Pour la première production du chef-d’œuvre de Dvořák à l’Opéra-Théâtre de l’Eurometropole de Metz, Paul-Emile Fourny, directeur in loco, a mis la main à la pâte et signe la mise en scène qui voyagera à Reims et à Massy. De facture classique voire littérale, elle souligne les ambiances aquatiques du livret par l’usage de vidéos et trouve des rappels visuels dans l’esthétique Art nouveau, attachée à la République tchèque mais aussi aux villes de l’Est de la France. Etonnamment, c’est le casino de Costanta – ville balnéaire roumaine au bord de la mer noire – tout en volumes et en courbes qui est retenu comme Palais du Prince et horizon fantasmatique de l’ondine. Les costumes et perruques sont particulières soignés pour rehausser les ambiances magiques et princières. Dommage que la direction d’acteur se cantonne au conventionnel pour les personnages principaux, osant quelques traits d’humour ou d’ambiance pour les figurants : le page de la Princesse étrangère qui la suit comme son ombre pour lui enlever ou lui remettre son étole se révèle un choix très pertinent par exemple.

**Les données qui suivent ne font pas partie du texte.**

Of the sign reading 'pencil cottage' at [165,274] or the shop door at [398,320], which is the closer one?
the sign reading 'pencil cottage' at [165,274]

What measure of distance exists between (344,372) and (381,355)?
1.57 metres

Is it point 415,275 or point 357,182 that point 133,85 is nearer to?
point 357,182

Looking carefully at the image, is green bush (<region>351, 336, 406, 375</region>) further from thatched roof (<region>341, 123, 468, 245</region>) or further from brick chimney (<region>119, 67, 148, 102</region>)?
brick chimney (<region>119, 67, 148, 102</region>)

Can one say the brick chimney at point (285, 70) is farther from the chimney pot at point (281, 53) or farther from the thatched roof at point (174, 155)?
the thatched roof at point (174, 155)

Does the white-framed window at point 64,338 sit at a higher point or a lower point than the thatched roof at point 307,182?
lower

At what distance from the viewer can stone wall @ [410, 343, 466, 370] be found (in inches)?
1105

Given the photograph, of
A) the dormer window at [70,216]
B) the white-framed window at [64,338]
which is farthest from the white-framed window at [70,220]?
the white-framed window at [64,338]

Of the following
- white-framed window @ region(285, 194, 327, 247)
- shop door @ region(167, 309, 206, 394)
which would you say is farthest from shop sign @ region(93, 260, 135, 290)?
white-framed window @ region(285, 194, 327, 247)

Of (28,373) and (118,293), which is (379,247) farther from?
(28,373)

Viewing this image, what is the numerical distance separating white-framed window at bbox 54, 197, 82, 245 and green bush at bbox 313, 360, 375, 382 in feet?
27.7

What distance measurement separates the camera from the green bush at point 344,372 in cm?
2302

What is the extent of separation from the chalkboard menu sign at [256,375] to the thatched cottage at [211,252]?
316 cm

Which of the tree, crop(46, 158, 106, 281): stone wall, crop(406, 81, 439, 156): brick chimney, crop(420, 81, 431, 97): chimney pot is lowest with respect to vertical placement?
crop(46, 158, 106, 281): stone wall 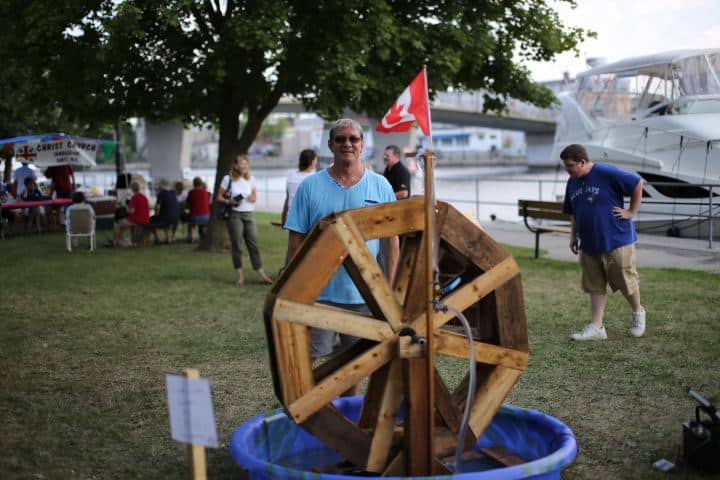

En fosse, l’Orchestre national de Metz Grand Est déploie des couleurs intéressantes sous la baguette de Kaspar Zehnder. Harpe et bois en tête, la toile du conte musical prend vie et la scansion dramatique n’accuse aucun temps mort, tout en soignant le confort du plateau gageant d’une préparation rigoureuse et du très bon niveau de l’orchestre.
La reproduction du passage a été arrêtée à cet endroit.